The Duncans also experimented with the idea of having graffiti on their new M2 jet, but the design team was concerned that even though the graffiti might be well-received and convey a positive message within the United States, not all countries would view the symbol the same way.
It was ultimately when the Paint Shop’s manager Doug Bohac mentioned he had recently seen a motorcycle covered in paint splotches that the idea came into being.
When asked to describe the final product in one word, Nekuda chooses ‘Fun’. “It’s fun on so many levels,” she elaborates. “I look at the paint scheme and I start to recognize shapes and images: There’s a pair of Mickey Mouse ears over here and Woodstock [the character from the popular US cartoon ‘Snoopy’] there. It spurs a child-like sense of excitement and creativity. That’s a cool feeling to have at any age,” she says.

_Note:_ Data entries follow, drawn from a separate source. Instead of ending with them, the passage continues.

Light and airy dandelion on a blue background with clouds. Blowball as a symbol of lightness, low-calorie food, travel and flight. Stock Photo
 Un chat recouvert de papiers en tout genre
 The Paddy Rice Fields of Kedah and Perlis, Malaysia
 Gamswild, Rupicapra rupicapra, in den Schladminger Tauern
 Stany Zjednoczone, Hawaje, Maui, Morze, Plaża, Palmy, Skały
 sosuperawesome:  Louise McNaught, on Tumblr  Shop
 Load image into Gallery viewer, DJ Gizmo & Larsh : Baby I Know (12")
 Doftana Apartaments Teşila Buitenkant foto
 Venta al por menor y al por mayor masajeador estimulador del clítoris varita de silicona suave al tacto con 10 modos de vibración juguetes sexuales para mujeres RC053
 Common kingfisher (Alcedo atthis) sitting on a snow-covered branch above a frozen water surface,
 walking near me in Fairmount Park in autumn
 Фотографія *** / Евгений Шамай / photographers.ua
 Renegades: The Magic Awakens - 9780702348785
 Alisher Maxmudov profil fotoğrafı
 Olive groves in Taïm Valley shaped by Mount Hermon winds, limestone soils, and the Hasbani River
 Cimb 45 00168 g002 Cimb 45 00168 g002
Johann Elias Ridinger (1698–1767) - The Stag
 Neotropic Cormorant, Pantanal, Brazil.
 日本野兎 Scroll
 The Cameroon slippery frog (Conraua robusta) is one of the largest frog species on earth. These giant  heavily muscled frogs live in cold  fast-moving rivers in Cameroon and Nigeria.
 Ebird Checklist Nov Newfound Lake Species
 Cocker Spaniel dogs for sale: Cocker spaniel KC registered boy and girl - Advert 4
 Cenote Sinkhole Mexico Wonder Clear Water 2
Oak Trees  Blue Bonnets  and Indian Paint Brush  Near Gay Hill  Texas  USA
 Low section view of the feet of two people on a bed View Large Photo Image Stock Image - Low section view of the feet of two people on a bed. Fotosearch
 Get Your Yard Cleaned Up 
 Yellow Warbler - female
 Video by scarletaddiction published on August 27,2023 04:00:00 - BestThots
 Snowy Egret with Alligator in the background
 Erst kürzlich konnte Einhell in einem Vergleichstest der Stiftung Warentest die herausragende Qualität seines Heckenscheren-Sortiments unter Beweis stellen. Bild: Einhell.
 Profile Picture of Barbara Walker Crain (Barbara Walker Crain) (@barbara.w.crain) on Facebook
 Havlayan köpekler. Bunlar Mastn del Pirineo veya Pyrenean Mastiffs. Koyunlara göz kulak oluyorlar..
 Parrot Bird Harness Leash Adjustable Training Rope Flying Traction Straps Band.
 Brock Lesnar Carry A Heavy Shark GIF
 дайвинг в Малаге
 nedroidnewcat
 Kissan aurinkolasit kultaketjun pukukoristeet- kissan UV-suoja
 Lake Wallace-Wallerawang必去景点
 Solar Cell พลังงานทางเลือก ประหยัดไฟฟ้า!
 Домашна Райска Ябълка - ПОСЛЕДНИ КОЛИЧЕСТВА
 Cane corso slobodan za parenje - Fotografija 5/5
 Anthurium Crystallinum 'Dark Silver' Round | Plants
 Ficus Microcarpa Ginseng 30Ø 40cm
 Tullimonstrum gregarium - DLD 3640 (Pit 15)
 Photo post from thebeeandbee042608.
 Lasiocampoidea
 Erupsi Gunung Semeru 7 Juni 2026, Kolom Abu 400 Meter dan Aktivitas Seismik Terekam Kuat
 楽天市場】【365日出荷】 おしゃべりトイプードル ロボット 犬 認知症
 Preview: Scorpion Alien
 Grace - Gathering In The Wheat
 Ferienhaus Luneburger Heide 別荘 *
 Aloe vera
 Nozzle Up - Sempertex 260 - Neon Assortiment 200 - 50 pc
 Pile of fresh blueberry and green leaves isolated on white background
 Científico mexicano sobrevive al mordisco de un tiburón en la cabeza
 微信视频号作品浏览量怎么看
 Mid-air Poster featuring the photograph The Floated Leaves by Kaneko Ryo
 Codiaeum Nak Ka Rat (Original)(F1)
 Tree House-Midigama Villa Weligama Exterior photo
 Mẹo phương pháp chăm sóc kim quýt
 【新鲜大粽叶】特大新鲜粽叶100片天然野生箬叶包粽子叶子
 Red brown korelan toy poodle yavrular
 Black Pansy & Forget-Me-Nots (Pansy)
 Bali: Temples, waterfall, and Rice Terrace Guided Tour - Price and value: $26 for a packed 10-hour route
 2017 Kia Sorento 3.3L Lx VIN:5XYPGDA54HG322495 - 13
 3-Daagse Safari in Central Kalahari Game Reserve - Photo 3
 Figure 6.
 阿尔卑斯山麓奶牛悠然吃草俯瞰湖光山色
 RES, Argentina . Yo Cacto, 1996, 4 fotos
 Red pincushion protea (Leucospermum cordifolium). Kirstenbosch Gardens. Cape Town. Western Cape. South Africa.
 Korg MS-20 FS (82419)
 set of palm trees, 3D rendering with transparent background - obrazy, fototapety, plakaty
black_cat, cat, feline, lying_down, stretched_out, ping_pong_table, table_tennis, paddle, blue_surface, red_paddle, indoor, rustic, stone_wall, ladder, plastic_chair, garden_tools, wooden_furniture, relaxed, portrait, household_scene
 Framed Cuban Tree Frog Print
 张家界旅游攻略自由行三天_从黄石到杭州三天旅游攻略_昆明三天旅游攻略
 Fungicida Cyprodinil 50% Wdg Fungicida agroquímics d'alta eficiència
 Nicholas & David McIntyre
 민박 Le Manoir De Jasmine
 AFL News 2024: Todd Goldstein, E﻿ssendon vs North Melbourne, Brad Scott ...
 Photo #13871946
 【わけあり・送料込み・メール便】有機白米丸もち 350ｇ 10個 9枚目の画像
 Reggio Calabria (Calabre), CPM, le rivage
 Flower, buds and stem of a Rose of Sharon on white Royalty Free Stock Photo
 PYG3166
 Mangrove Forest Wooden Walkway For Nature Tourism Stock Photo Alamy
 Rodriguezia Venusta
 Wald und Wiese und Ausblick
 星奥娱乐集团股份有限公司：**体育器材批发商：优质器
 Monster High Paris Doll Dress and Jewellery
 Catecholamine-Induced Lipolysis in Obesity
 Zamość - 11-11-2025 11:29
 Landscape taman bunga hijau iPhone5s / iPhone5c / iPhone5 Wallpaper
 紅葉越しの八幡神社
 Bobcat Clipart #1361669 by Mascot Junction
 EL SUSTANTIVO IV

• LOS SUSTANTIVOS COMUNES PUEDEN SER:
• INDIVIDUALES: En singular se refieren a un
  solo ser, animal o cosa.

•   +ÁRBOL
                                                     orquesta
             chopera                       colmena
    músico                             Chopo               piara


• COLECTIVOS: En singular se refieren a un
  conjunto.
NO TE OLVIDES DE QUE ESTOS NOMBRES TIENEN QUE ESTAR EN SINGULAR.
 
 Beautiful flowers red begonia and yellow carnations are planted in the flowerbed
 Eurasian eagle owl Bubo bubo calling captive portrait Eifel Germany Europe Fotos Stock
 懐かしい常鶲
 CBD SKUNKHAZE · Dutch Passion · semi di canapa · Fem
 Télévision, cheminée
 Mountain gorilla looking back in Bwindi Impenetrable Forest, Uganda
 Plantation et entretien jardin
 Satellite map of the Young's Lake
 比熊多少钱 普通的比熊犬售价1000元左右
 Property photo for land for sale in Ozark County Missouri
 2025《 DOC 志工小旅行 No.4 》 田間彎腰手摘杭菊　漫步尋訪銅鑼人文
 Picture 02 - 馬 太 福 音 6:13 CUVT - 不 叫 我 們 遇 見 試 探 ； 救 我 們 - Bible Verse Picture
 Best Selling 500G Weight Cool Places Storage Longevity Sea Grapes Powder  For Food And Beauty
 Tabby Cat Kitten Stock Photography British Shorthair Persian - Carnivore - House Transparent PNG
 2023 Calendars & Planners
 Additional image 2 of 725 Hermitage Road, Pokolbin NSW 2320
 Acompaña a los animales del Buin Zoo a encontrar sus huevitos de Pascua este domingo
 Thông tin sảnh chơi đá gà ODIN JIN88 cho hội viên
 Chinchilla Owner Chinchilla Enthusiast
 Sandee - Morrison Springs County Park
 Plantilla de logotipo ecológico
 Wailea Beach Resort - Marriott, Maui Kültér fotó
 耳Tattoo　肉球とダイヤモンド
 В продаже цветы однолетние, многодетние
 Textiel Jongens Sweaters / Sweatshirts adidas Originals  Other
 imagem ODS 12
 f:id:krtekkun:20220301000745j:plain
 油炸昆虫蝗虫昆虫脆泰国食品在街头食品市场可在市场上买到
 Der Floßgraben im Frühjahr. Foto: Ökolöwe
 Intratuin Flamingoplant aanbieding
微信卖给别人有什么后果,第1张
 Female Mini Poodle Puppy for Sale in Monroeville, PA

“Robert and Karen Duncan want something unique. A lot of people like a simple aircraft, but I don’t see Robert ever having a white airplane. We do things a little differently here,” Nekuda concludes.
About the M2
The Citation M2 was originally announced to the public in Las Vegas, Nevada during the National Business Aviation Association’s September 2011 Conference and Exhibition. The first flight of the prototype model occurred in March 2012, and the first production unit flew in August 2013. The Citation M2 offers a maximum cruise speed of 460 miles per hour and a range of nearly 1,500 statute miles. It can operate at airports with runways as short as 3,250 feet and will climb to 41,000 feet.
When Cessna announced on December 23, 2013 that the jet had received US certification and first customer deliveries had begun, Brad Thress, Cessna senior vice president of business jets, summarised, “The Citation M2 is a versatile aircraft that fits many markets and missions, attracting owner-operators looking for an advanced, innovative aircraft of this size, capability and value.”